Lister Engine Forum

Lister Engines => Lister Based Generators => Topic started by: basewindow on October 08, 2017, 11:22:44 PM

Title: Identify this?
Post by: basewindow on October 08, 2017, 11:22:44 PM
Sorry to be vague and for the poor quality of the picture

It has no plate on it and the word 'BUSCH', apart from that nothing.

Came with the Lister CS 3.5 and a switchboard.
Title: Re: Identify this?
Post by: basewindow on October 14, 2017, 09:14:26 PM
A few more pictures that may help....
Title: Re: Identify this?
Post by: basewindow on October 24, 2017, 09:05:32 PM
Can no-one help?

Even a general description of how it works etc?

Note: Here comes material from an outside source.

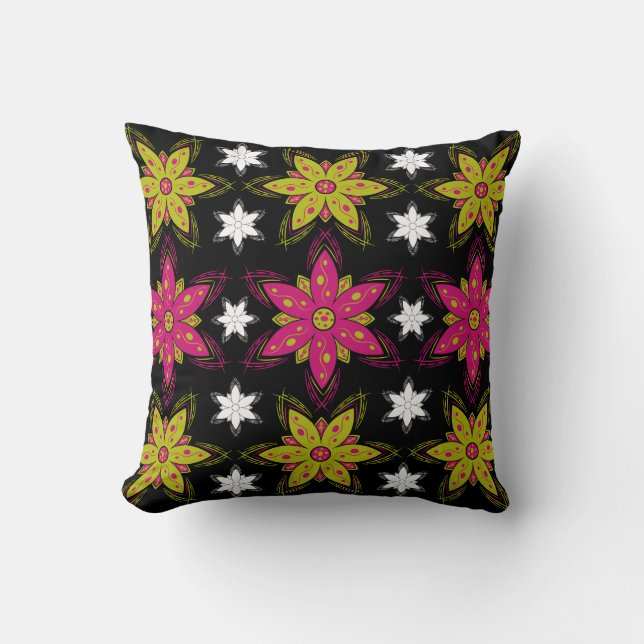 seamless floral pattern, cushion (Front)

Which wires do what and go where?

Anyone?  Anyone?
Title: Re: Identify this?
Post by: broncodriver99 on October 24, 2017, 09:19:34 PM
Sure looks like a Busch generator head of some sort to me.

That's an interesting looking pulley. As far as wiring you would need a model # to track down a wiring diagram, or someone who knows generators/motors well enough to figure out what wire does what with a meter.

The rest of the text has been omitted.